BEGIN SUPPLIED ENTRIES

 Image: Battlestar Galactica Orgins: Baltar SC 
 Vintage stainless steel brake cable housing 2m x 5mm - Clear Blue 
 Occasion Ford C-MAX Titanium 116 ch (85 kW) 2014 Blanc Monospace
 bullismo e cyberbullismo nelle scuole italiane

END SUPPLIED ENTRIES
BEGIN SUPPLIED ENTRIES

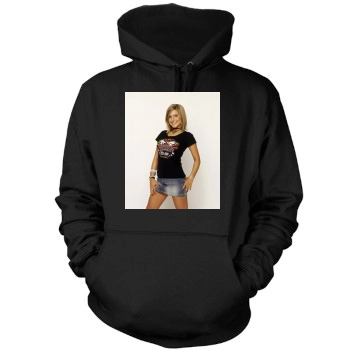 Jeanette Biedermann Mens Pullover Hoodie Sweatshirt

END SUPPLIED ENTRIES
BEGIN SUPPLIED ENTRIES

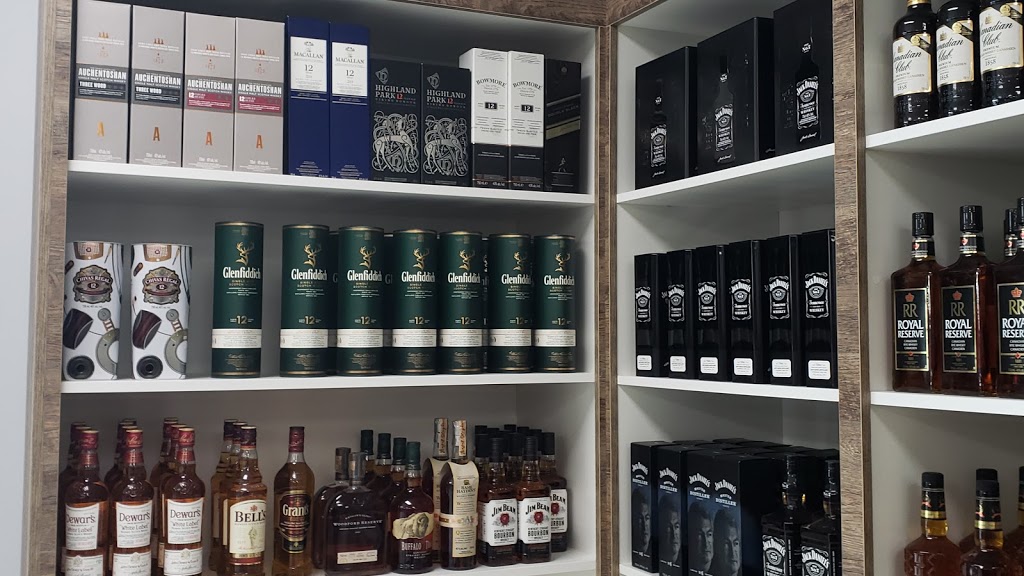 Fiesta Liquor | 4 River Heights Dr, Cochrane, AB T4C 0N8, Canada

END SUPPLIED ENTRIES

Look through the entries above and quote exactly the lines from the line with "Image: Battlestar Galactica" to the line with "bullismo e cyberbullismo", counting both of those lines.

ANSWER BELOW:
 Image: Battlestar Galactica Orgins: Baltar SC 
 Vintage stainless steel brake cable housing 2m x 5mm - Clear Blue 
 Occasion Ford C-MAX Titanium 116 ch (85 kW) 2014 Blanc Monospace
 bullismo e cyberbullismo nelle scuole italiane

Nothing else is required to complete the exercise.